Jessica Lappin, president, The Alliance for Downtown New York 

The BID for Lower Manhattan — fittingly, the city’s oldest neighborhood has the city’s oldest improvement district — is coming up on its 20th anniversary. With a budget of roughly $18 million, the Downtown Alliance is also among the city’s largest, encompassing nearly all of Lower Manhattan. When the BID started, Lappin said, “nobody was here after 5 p.m.” The alliance was tasked with the challenge of making the area a 24/7 community, including making it more attractive to retail and adding a convenient way to get around in the neighborhood. “There’s an energy and a dedication that you feel when you talk to tenants and residents,” said Lappin. “There’s real passion and commitment for this community.” Among the major public real estate developments in the area over the last few years is the Fulton Transit Center near One World Trade, where nine subway lines come together.

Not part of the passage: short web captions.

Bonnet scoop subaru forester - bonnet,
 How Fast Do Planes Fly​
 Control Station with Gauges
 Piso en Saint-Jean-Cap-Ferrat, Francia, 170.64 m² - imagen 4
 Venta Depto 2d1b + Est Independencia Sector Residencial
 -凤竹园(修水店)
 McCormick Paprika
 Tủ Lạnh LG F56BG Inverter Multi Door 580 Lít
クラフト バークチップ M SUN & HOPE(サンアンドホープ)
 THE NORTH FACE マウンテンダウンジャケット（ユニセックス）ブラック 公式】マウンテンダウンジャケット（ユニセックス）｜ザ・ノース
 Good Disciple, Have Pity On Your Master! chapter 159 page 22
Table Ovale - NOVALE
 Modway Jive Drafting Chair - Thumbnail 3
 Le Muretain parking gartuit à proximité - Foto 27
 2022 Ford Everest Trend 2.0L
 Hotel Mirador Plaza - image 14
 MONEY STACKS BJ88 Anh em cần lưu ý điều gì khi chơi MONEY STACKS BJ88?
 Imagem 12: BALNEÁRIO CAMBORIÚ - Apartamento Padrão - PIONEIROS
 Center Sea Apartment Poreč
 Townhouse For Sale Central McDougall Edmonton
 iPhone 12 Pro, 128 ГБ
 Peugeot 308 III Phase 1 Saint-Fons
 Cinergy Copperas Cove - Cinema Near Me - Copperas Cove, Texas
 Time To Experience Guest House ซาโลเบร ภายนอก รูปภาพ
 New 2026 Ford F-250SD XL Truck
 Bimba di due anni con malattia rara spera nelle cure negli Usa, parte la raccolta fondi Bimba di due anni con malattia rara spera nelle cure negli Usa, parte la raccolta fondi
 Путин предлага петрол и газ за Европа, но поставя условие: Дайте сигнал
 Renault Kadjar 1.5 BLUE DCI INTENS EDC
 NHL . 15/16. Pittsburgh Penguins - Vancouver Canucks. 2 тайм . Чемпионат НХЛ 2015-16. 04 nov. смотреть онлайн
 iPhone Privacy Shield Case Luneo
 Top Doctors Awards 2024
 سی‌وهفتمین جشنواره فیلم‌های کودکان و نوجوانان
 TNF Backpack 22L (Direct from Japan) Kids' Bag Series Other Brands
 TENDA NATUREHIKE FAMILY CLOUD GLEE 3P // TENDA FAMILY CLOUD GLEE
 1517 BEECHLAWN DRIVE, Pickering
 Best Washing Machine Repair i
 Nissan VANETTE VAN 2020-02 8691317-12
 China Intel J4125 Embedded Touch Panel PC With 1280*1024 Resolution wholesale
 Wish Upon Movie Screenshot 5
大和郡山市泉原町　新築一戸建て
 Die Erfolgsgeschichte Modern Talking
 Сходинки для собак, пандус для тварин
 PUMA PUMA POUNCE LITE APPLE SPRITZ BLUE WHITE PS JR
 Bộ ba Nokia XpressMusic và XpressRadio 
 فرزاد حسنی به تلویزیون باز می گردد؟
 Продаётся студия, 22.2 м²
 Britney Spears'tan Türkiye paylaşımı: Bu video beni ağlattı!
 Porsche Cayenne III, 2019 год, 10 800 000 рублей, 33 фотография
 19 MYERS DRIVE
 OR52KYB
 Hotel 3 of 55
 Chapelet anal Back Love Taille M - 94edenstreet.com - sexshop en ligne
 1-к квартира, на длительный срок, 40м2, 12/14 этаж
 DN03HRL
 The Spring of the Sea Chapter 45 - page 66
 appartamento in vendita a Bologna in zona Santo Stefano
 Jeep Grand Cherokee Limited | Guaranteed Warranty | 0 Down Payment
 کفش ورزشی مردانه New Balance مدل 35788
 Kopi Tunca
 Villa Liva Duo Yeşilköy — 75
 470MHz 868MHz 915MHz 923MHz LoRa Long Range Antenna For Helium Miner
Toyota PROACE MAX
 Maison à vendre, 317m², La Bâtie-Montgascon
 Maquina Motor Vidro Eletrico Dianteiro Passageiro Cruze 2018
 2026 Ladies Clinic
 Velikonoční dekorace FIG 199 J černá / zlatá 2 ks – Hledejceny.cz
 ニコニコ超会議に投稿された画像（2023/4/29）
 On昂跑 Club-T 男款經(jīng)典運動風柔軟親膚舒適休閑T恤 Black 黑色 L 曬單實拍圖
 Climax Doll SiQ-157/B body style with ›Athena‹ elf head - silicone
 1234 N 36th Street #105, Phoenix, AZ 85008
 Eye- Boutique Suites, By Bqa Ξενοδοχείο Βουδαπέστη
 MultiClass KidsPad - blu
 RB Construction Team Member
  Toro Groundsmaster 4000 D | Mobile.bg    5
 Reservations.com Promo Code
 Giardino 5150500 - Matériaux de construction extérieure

A mall is opening up inside the newly created transit hub. One of the projects Lappin is working on is a 12,500-square-foot work, lounge and meeting place for the creative industries at 150 Broadway. NY Tech Meetup and NY Tech Council are planning to run programs from there. The alliance will operate the site, which aims to serve as a collaborative workspace. A massive retail revolution is also underway in the neighborhood. Including Westfield’s mall at the World Trade Center and the shops at Brookfield Place, roughly 250 new stores will open in the area over the 18 months. “It’s unbelievable that this will be a shopping destination, that’s a huge change for us,” Lappin said. “A very positive change.”

The Alliance has a research department that gives out information about Lower Manhattan and is responsible for the Downtown Connection — a hop-on, hop-off bus service that operates throughout Lower Manhattan — along with homeless outreach, Lappin said. The former councilwoman started at the BID in March 2014.